▶ DATA SECTION:
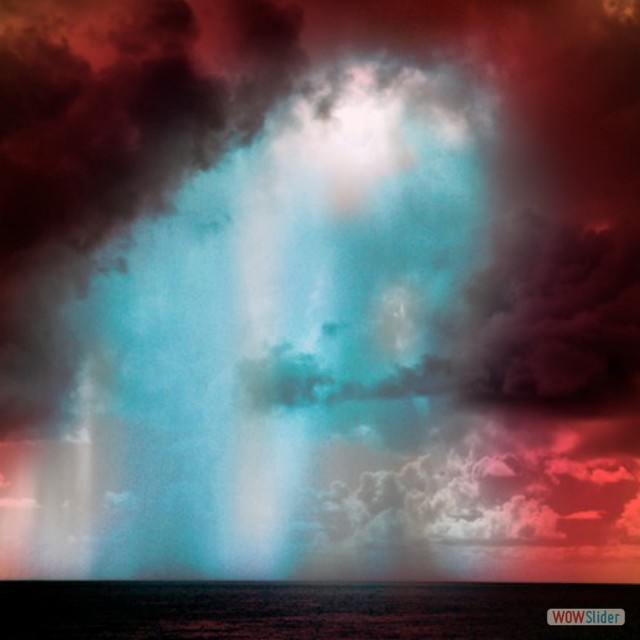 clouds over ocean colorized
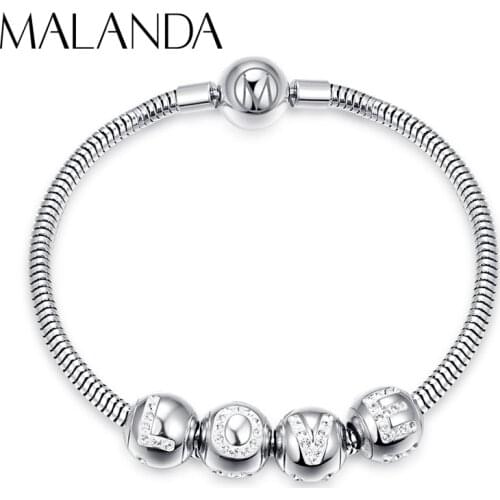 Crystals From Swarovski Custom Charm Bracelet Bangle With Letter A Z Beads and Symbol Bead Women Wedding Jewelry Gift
...
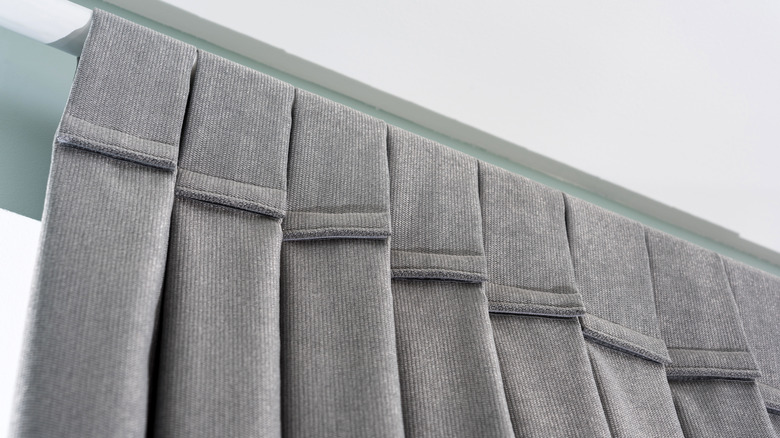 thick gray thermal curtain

▶ PROBLEM DESCRIPTION: Would you transcribe the lines above exactly, going from the line bearing "clouds over ocean colorized" through the line bearing "Crystals From Swarovski", and drop the pictures from the copy?

▶ WRITTEN RESPONSE:
 clouds over ocean colorized
 Crystals From Swarovski Custom Charm Bracelet Bangle With Letter A Z Beads and Symbol Bead Women Wedding Jewelry Gift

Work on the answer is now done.